具体的には、個人情報や企業秘密などの重要な情報が流出したり盗まれたりしないように情報を守ること(機密性)のほか、情報が最新で内容に誤りや改ざんがないこと(完全性)、情報を使いたい時に使えること(可用性)を指したもので、これらを情報セキュリティの3要素といいます。
情報セキュリティの要素は、「守る」ことだけではないんだ。
古い情報や誤った情報をお客様にお伝えしたら問題になりますね。
情報を使いたい時に使えるようにしておくことも重要なんだ。
業務に必要なデータが必要な時に使えないと業務が中断してしまいますね。
情報セキュリティの3要素は、それぞれの頭文字をとって情報セキュリティのCIAとも呼ばれています。
機密性(Confidentiality)
アクセスを認可された人や組織だけが,情報に確実にアクセスできること
完全性(Integrity)
情報資産が完全な状態で保存され,内容が正確であること
可用性(Availability)
情報資産が必要になったとき,利用できる状態にあること
マネジメントシステムとは?
マネジメントシステムとは、会社や組織が方針や目標を定め、その目標を達成するために会社や組織を適切に管理するための仕組みのことを指します。
例えば、会社は,自らが保有する機密情報や顧客から預かっている重要情報を紛失したり、業務で使用するパソコンや社内情報システムに保存されている機密データが盗まれたり外部に流出したりすることがないように、紙の書類やデータを適切に管理しなければなりません。

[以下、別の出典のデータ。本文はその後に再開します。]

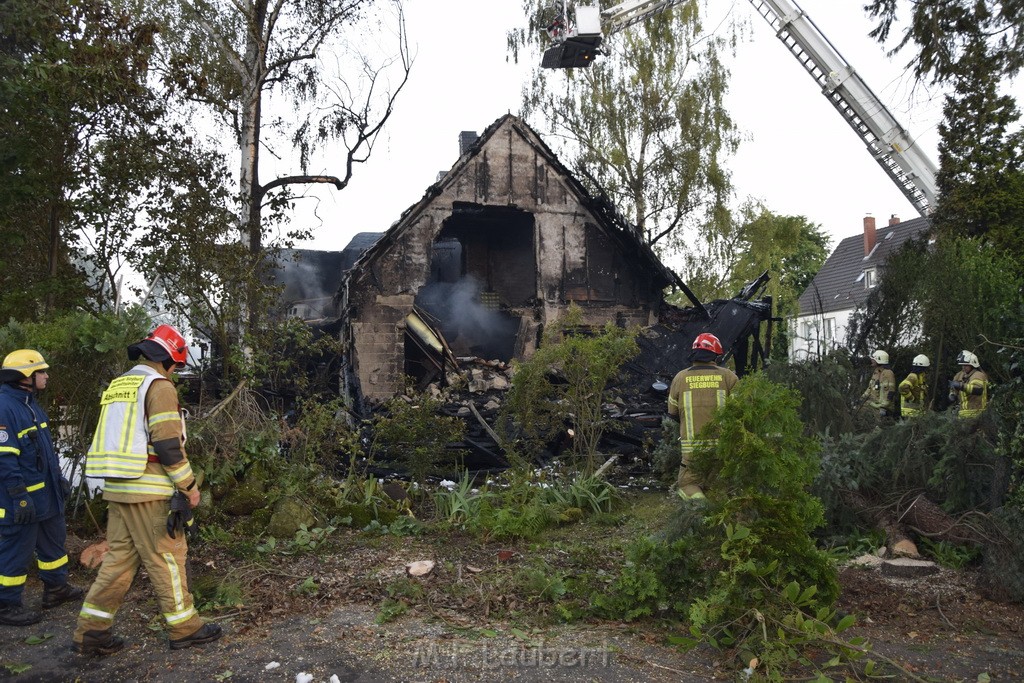 Grossfeuer Einfamilienhaus Siegburg Muehlengrabenstr P0876.JPG - Miklos Laubert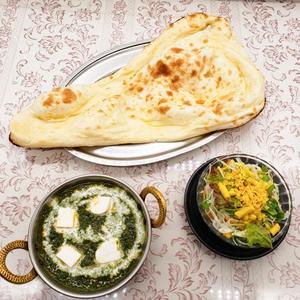 ほうれん草チーズカレー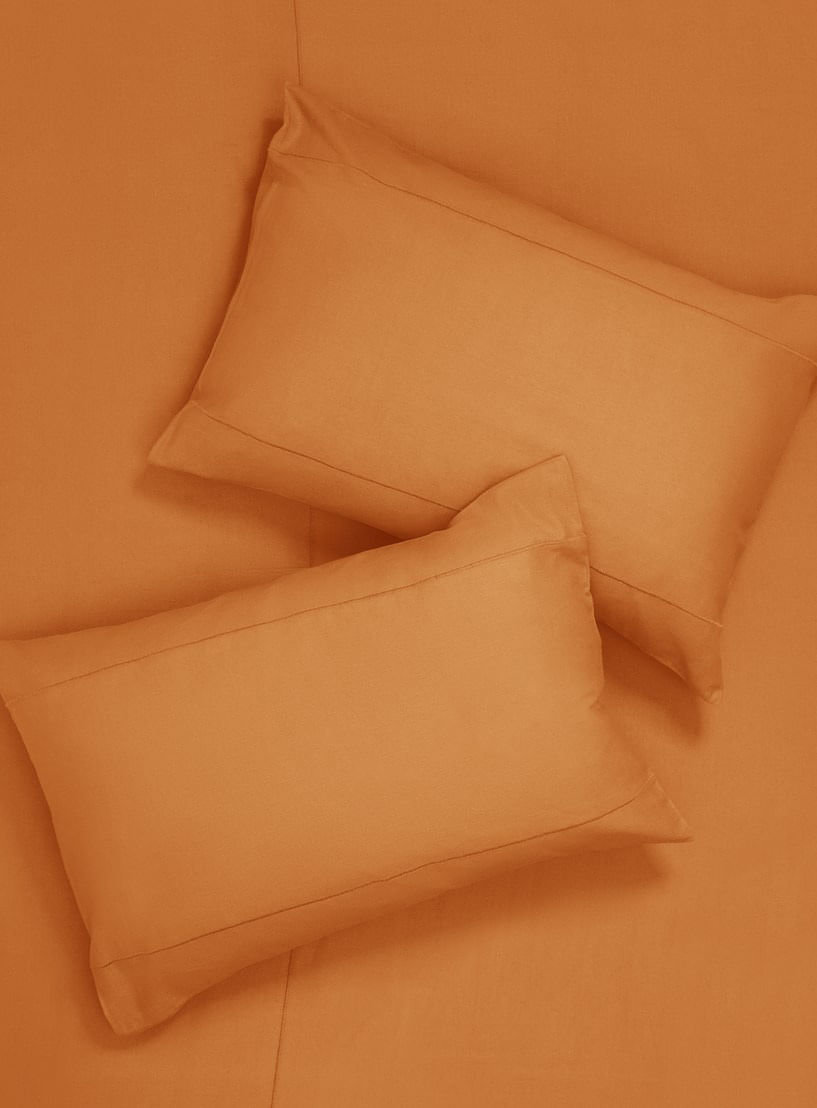 Capa-travesseiro-cama-ocre-009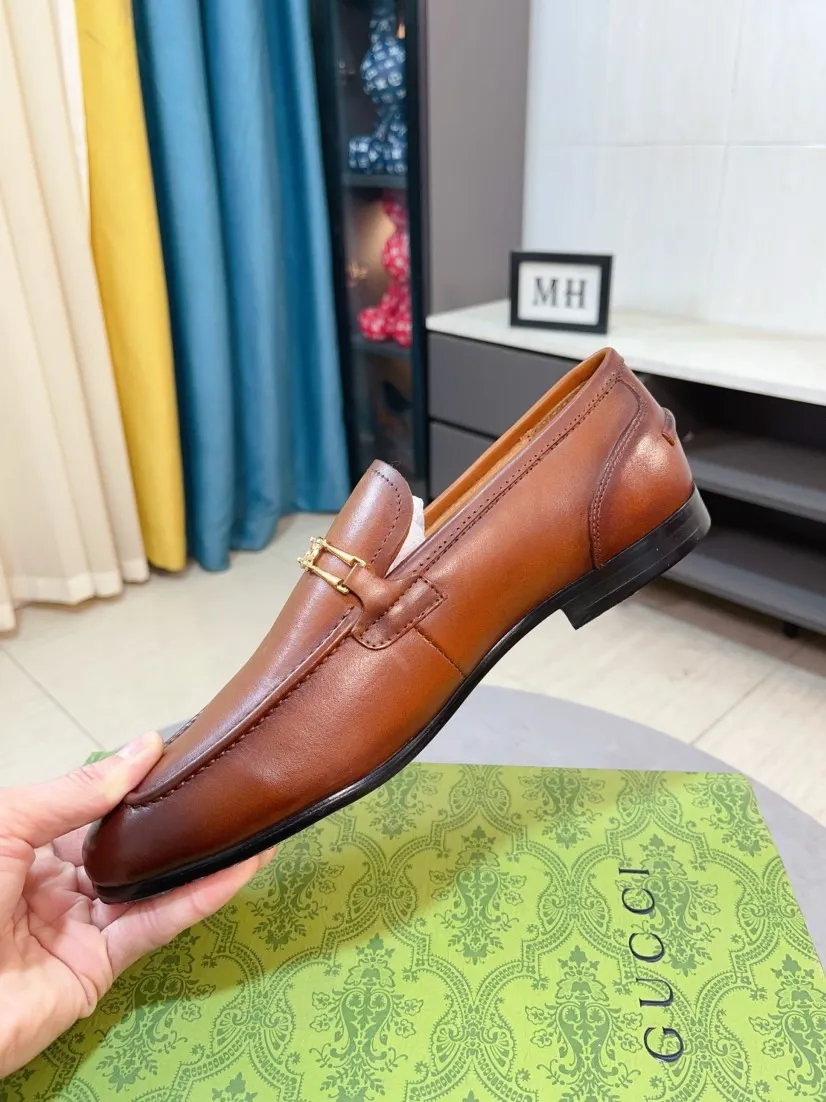 Men's shoes 💰500🌹🌹【GUCCI】The most popular classic Gucci leather shoes. Synchronized with the official website, the upper is made of Italian first-layer cowhide ➕cowhide lining, with unique brand and unique craftsmanship. Highlighting the hot style of the new year. Stop hesitating, stop wandering, get it now. Number: 38--44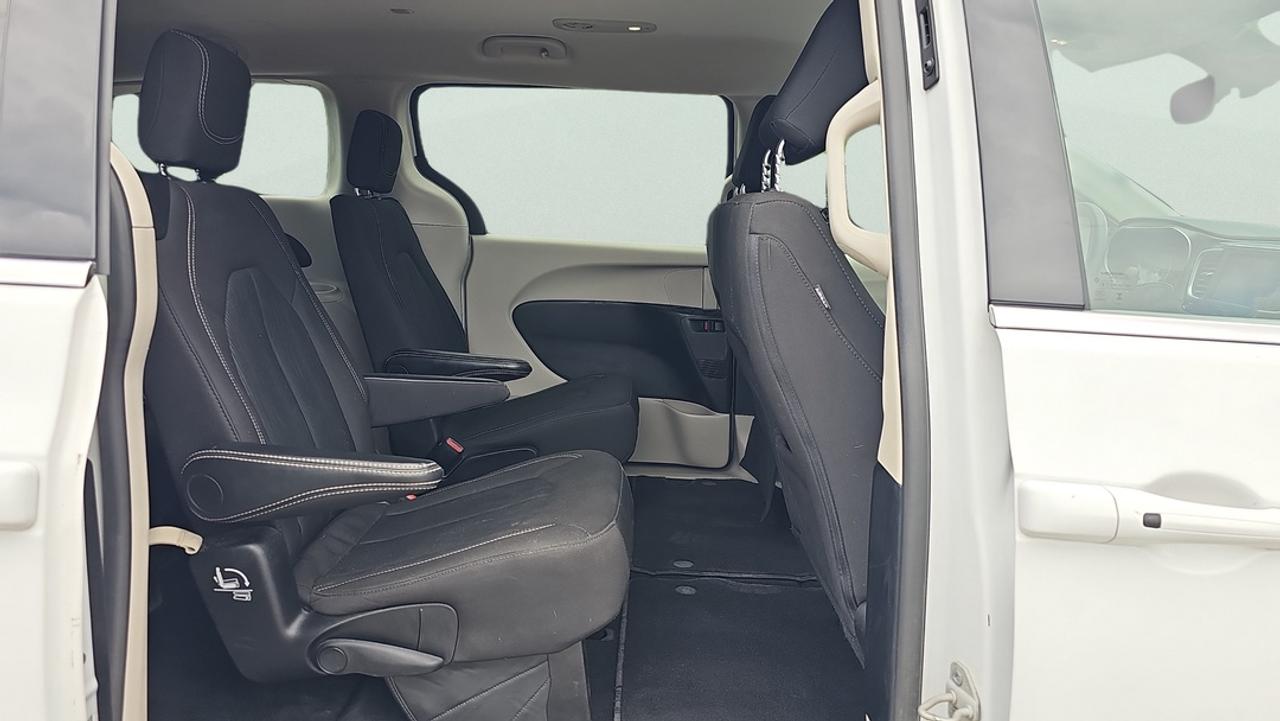 2024 Chrysler Grand Caravan Power Doors, Back up Camera, Heated Power Seats Photo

では、情報セキュリティを適切に管理する仕組みとは,どのようものなのでしょうか?
情報を管理しなくちゃいけないんだから,ルールを整備すればいいんですね!
そうだね、でもルールの整備だけでよいのかな?
ルールの整備以外にもやることがあるんですか?
決めたルールが守られているか,そのルールの有効性をチェックしたり,より良いルールにするために見直しや改善を図ることも必要なんだよ。
なるほど,ルールを作ったら終わりなんじゃなくて,評価や見直しを行って,改善していくことが大切なんですね!
いわゆる「PDCAサイクル」を回して継続的改善を行っていく一連のプロセスが,マネジメントシステムなんだよ。
マネジメントシステムのPDCAサイクル
ISO/IEC27001(JIS Q 27001)では,組織のISMSの確立,導入,運用,監視,レビュー,維持及び改善のために,PDCAサイクルに基づくプロセスアプローチを採用しています。
- Plan(ISMSの確立)
組織の全般的な基本方針及び目的に沿った結果を出すための,リスクマネジメント及び情報セキュリティの改善に関連するISMS基本方針,目的、プロセス及び手順を確立する。 - Do(ISMSの導入及び運用)
ISMSの基本方針,管理策,プロセス及び手順を導入し運用する。 - Check(ISMSの監視及びレビュー)
ISMSの基本方針,目的及び実際の経験に照らし合わせてプロセスの実施状況を評価し,可能ならば測定し,その結果を見直しを行うために経営陣に報告する。 - Act(ISMSの維持及び改善)
ISMSの継続的な改善を達成するために,ISMSの内部監査及びマネジメントレビューの結果やそのほか関連情報に基づいて是正処置及び予防処置を講じる。
ISMSとISO/IEC 27001(JIS Q 27001)の関係
ISMSは,情報セキュリティの管理の仕組みであることは解説したとおりですが,ある組織が構築したその仕組みについて,他の組織は,それをどのように評価すればよいのだろうか?
なにか評価の基準になるようなものがなければ,その仕組みが有効で妥当なものかどうかわからない。
そうですね、共通の物差しがあれば一定の評価をすることが可能ですね。
その共通の物差し,すなわち標準化された規格が,ISO/IEC 27001(JIS Q 27001)なんだよ。規格は,ISMSの構築や運用のほか情報セキュリティ管理策について,様々なことを実施するよう要求していて,これを規格要求事項というんだ。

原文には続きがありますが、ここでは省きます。